SamplingParams dataclass

SamplingParams(
    temperature: Optional[float] = None,
    top_p: Optional[float] = None,
    top_k: Optional[int] = None,
    presence_penalty: Optional[float] = None,
    frequency_penalty: Optional[float] = None,
    repetition_penalty: Optional[float] = None,
    no_repeat_ngram_size: Optional[int] = None,
    max_new_tokens: Optional[int] = None,
)

Sampling parameters for text generation.

MinerUVLTextVLLMConfig

Bases: BaseModel

VLLM backend config for MinerU VL text extraction.

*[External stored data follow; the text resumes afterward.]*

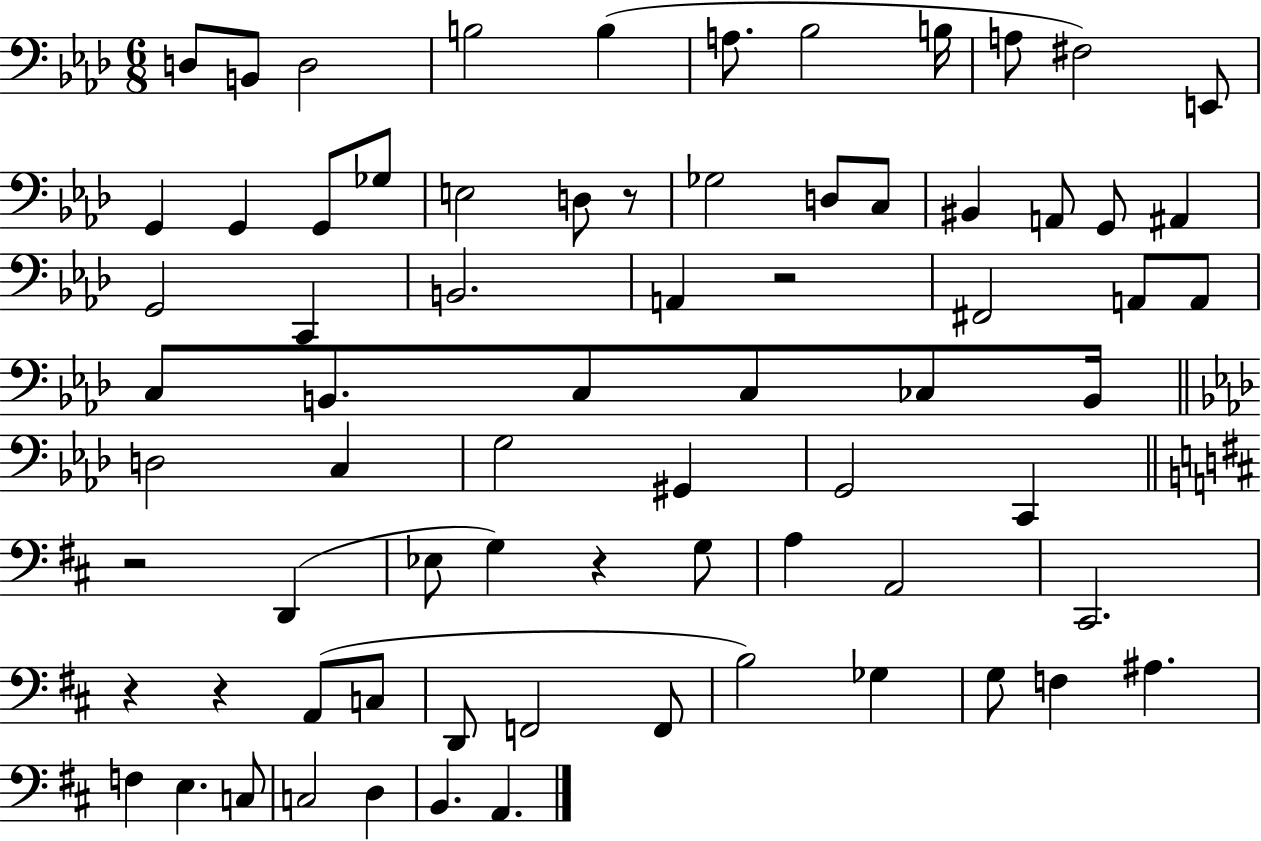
D3/e B2/e D3/h B3/h B3/q A3/e. Bb3/h B3/s A3/e F#3/h E2/e G2/q G2/q G2/e Gb3/e E3/h D3/e R/e Gb3/h D3/e C3/e BIS2/q A2/e G2/e A#2/q G2/h C2/q B2/h. A2/q R/h F#2/h A2/e A2/e C3/e B2/e. C3/e C3/e CES3/e B2/s D3/h C3/q G3/h G#2/q G2/h C2/q R/h D2/q Eb3/e G3/q R/q G3/e A3/q A2/h C#2/h. R/q R/q A2/e C3/e D2/e F2/h F2/e B3/h Gb3/q G3/e F3/q A#3/q. F3/q E3/q. C3/e C3/h D3/q B2/q. A2/q. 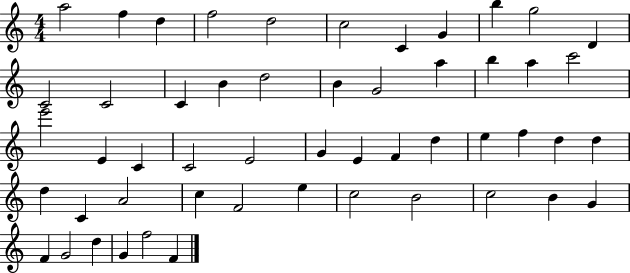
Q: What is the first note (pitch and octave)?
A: A5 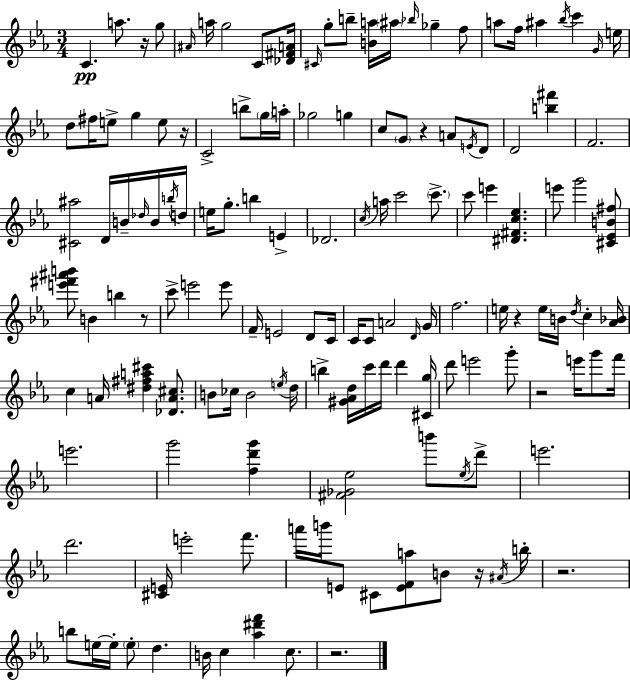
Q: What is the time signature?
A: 3/4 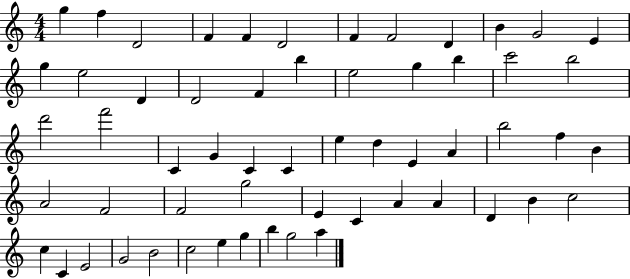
{
  \clef treble
  \numericTimeSignature
  \time 4/4
  \key c \major
  g''4 f''4 d'2 | f'4 f'4 d'2 | f'4 f'2 d'4 | b'4 g'2 e'4 | \break g''4 e''2 d'4 | d'2 f'4 b''4 | e''2 g''4 b''4 | c'''2 b''2 | \break d'''2 f'''2 | c'4 g'4 c'4 c'4 | e''4 d''4 e'4 a'4 | b''2 f''4 b'4 | \break a'2 f'2 | f'2 g''2 | e'4 c'4 a'4 a'4 | d'4 b'4 c''2 | \break c''4 c'4 e'2 | g'2 b'2 | c''2 e''4 g''4 | b''4 g''2 a''4 | \break \bar "|."
} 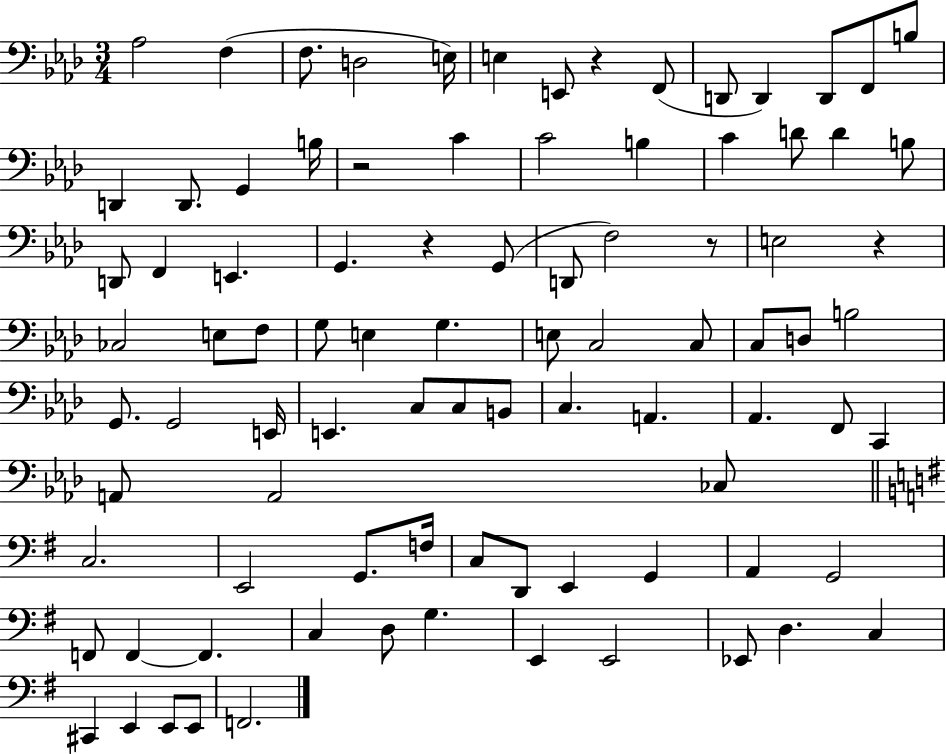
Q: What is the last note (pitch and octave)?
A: F2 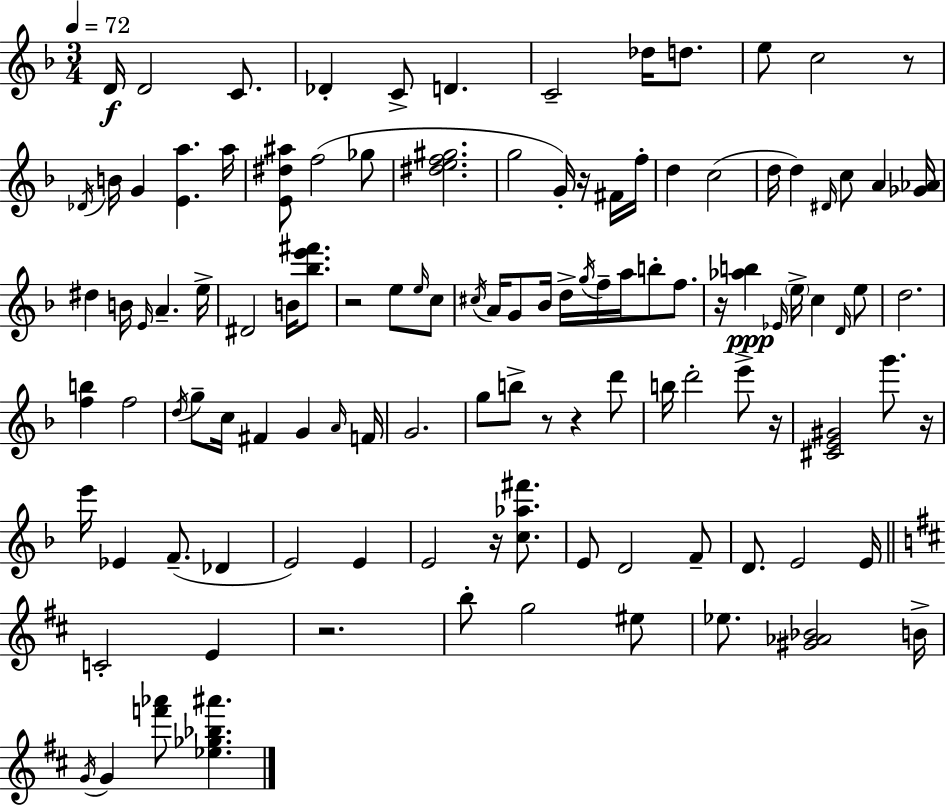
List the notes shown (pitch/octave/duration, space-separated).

D4/s D4/h C4/e. Db4/q C4/e D4/q. C4/h Db5/s D5/e. E5/e C5/h R/e Db4/s B4/s G4/q [E4,A5]/q. A5/s [E4,D#5,A#5]/e F5/h Gb5/e [D#5,E5,F5,G#5]/h. G5/h G4/s R/s F#4/s F5/s D5/q C5/h D5/s D5/q D#4/s C5/e A4/q [Gb4,Ab4]/s D#5/q B4/s E4/s A4/q. E5/s D#4/h B4/s [Bb5,E6,F#6]/e. R/h E5/e E5/s C5/e C#5/s A4/s G4/e Bb4/s D5/s G5/s F5/s A5/s B5/e F5/e. R/s [Ab5,B5]/q Eb4/s E5/s C5/q D4/s E5/e D5/h. [F5,B5]/q F5/h D5/s G5/e C5/s F#4/q G4/q A4/s F4/s G4/h. G5/e B5/e R/e R/q D6/e B5/s D6/h E6/e R/s [C#4,E4,G#4]/h G6/e. R/s E6/s Eb4/q F4/e. Db4/q E4/h E4/q E4/h R/s [C5,Ab5,F#6]/e. E4/e D4/h F4/e D4/e. E4/h E4/s C4/h E4/q R/h. B5/e G5/h EIS5/e Eb5/e. [G#4,Ab4,Bb4]/h B4/s G4/s G4/q [F6,Ab6]/e [Eb5,Gb5,Bb5,A#6]/q. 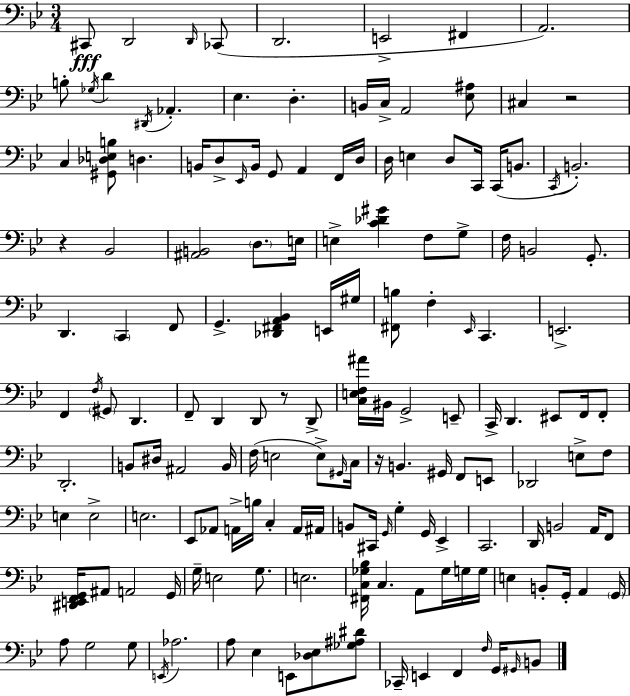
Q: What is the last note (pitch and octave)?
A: B2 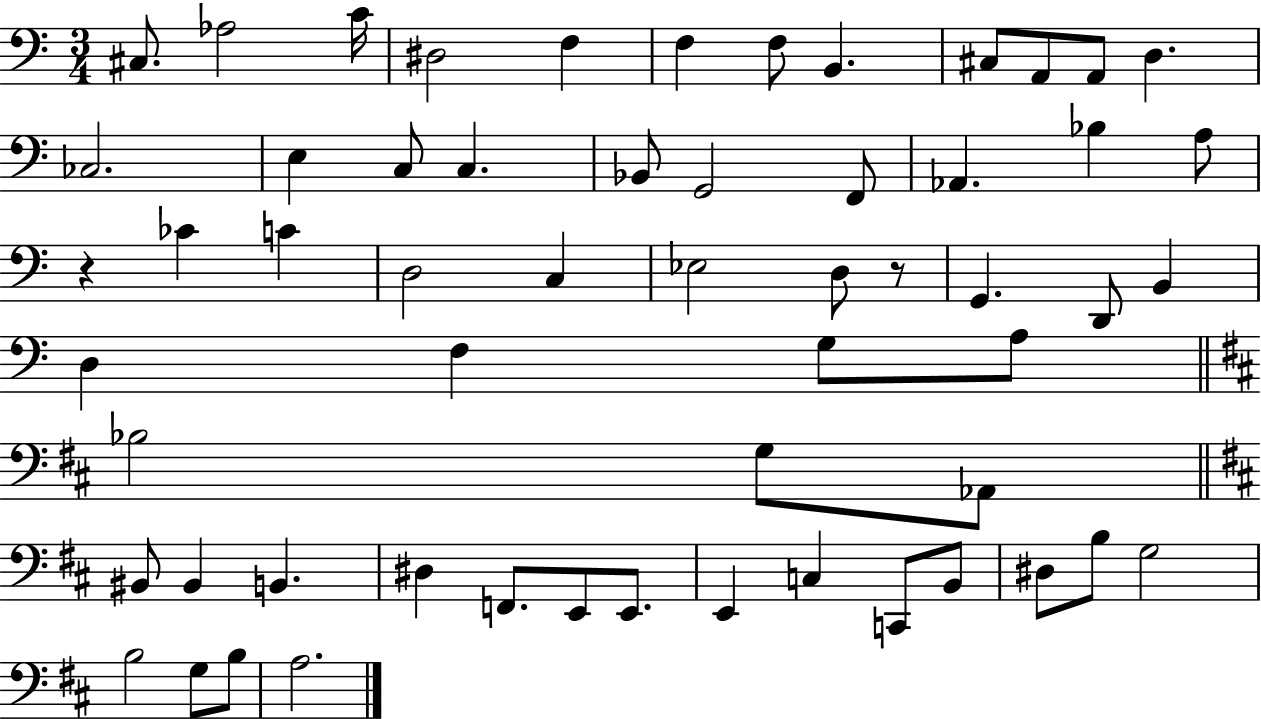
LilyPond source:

{
  \clef bass
  \numericTimeSignature
  \time 3/4
  \key c \major
  cis8. aes2 c'16 | dis2 f4 | f4 f8 b,4. | cis8 a,8 a,8 d4. | \break ces2. | e4 c8 c4. | bes,8 g,2 f,8 | aes,4. bes4 a8 | \break r4 ces'4 c'4 | d2 c4 | ees2 d8 r8 | g,4. d,8 b,4 | \break d4 f4 g8 a8 | \bar "||" \break \key b \minor bes2 g8 aes,8 | \bar "||" \break \key b \minor bis,8 bis,4 b,4. | dis4 f,8. e,8 e,8. | e,4 c4 c,8 b,8 | dis8 b8 g2 | \break b2 g8 b8 | a2. | \bar "|."
} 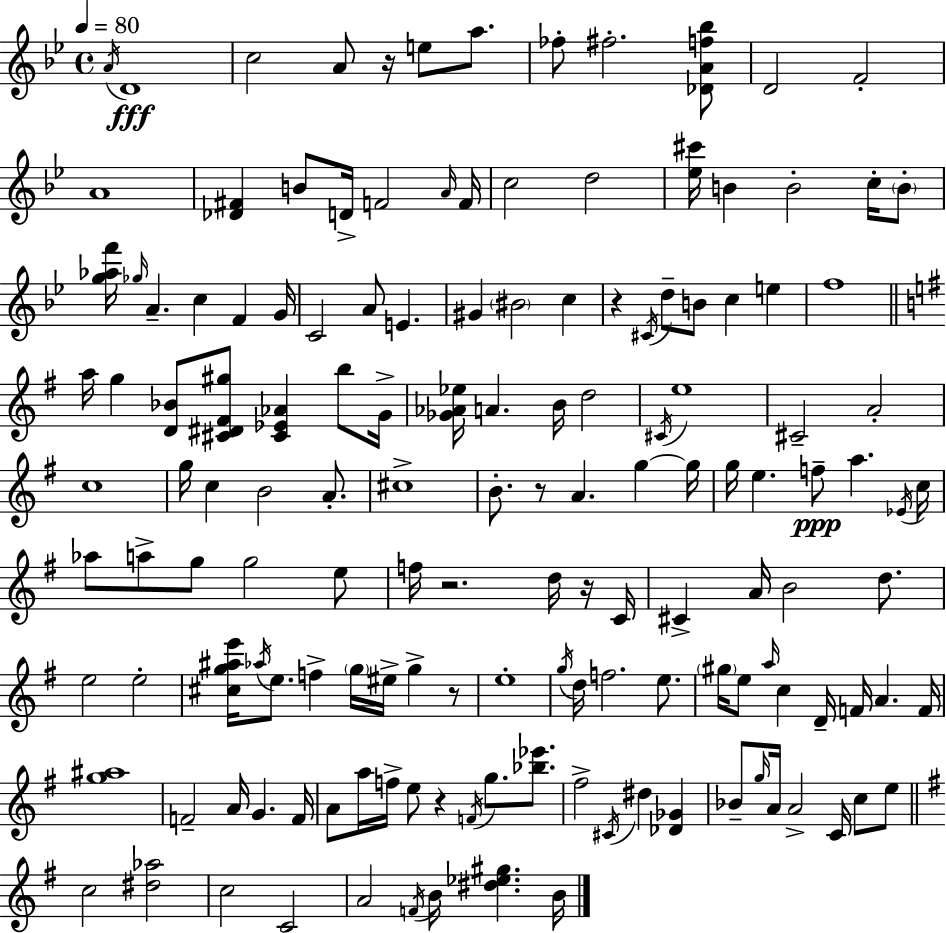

Uses VLLM for high-throughput GPU inference with: - PagedAttention for efficient KV cache - Continuous batching - Optimized CUDA kernels

Example
from omnidocs.tasks.text_extraction import MinerUVLTextExtractor
from omnidocs.tasks.text_extraction.mineruvl import MinerUVLTextVLLMConfig

extractor = MinerUVLTextExtractor(
    backend=MinerUVLTextVLLMConfig(
        tensor_parallel_size=1,
        gpu_memory_utilization=0.85,
    )
)
result = extractor.extract(image)

convert_otsl_to_html

convert_otsl_to_html(otsl_content: str) -> str

Convert OTSL table format to HTML.

Source code in omnidocs/tasks/text_extraction/mineruvl/utils.py
def convert_otsl_to_html(otsl_content: str) -> str:
    """Convert OTSL table format to HTML."""
    if otsl_content.startswith("<table") and otsl_content.endswith("</table>"):
        return otsl_content

    pattern = r"(" + r"|".join(ALL_OTSL_TOKENS) + r")"
    tokens = re.findall(pattern, otsl_content)
    text_parts = re.split(pattern, otsl_content)
    text_parts = [part for part in text_parts if part.strip()]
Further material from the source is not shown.